▶ [Assignment]: Return the data below exactly, minus the pictures.

▶ [Dataset records]:
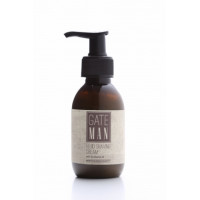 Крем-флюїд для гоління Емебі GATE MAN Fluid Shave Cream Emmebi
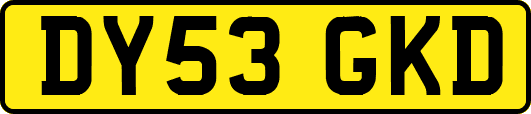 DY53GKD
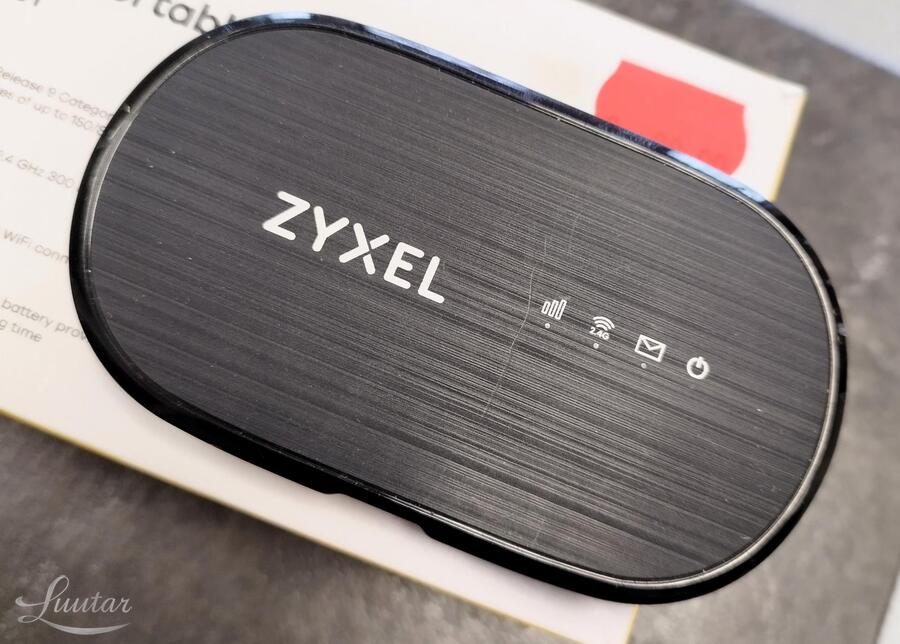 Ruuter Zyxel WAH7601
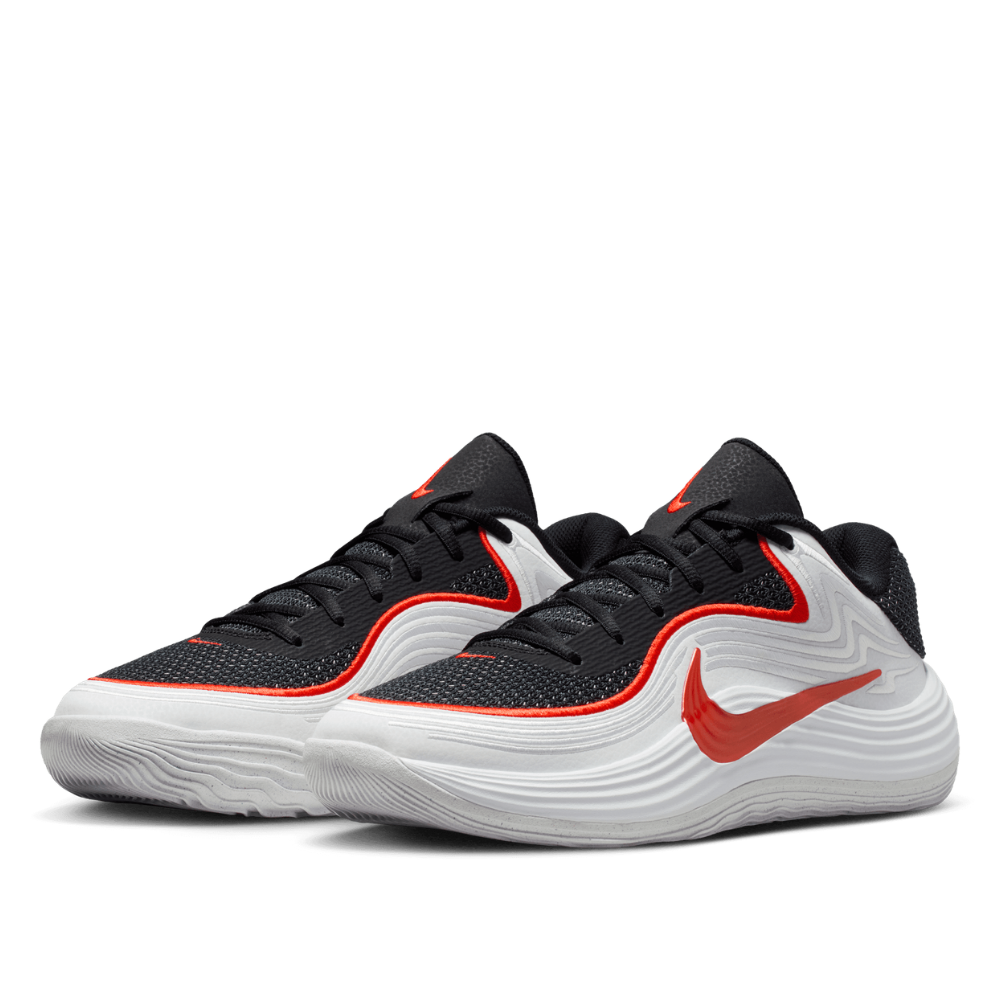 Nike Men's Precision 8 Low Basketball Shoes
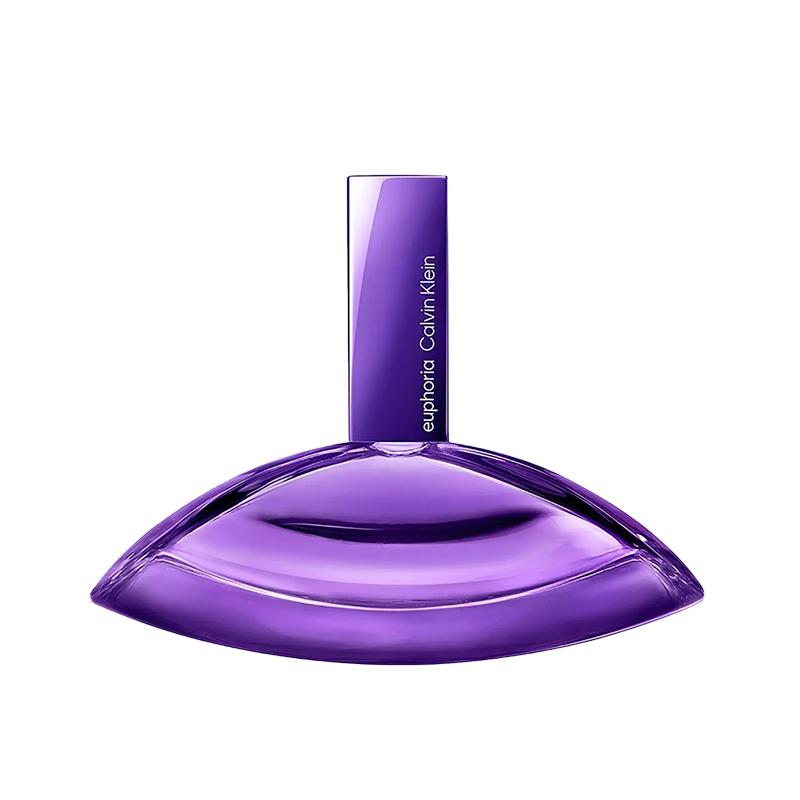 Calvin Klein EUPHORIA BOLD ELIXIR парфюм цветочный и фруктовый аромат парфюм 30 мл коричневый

▶ [Expected answer]:
 Крем-флюїд для гоління Емебі GATE MAN Fluid Shave Cream Emmebi
 DY53GKD
 Ruuter Zyxel WAH7601
 Nike Men's Precision 8 Low Basketball Shoes
 Calvin Klein EUPHORIA BOLD ELIXIR парфюм цветочный и фруктовый аромат парфюм 30 мл коричневый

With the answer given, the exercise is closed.